Data supplied ::
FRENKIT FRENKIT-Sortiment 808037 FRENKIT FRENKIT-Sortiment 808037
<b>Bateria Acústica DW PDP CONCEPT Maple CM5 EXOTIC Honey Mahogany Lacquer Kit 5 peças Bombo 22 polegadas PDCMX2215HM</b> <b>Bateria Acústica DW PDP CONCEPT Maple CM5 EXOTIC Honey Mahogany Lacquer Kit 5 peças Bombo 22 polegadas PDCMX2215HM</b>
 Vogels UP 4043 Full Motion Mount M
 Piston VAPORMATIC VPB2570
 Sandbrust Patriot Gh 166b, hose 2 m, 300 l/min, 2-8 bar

Exercise instructions :: The span to print begins at the line containing "Piston VAPORMATIC VPB2570" and ends at the final line of the entries; print it exactly and print nothing else.

Written reply ::
 Piston VAPORMATIC VPB2570
 Sandbrust Patriot Gh 166b, hose 2 m, 300 l/min, 2-8 bar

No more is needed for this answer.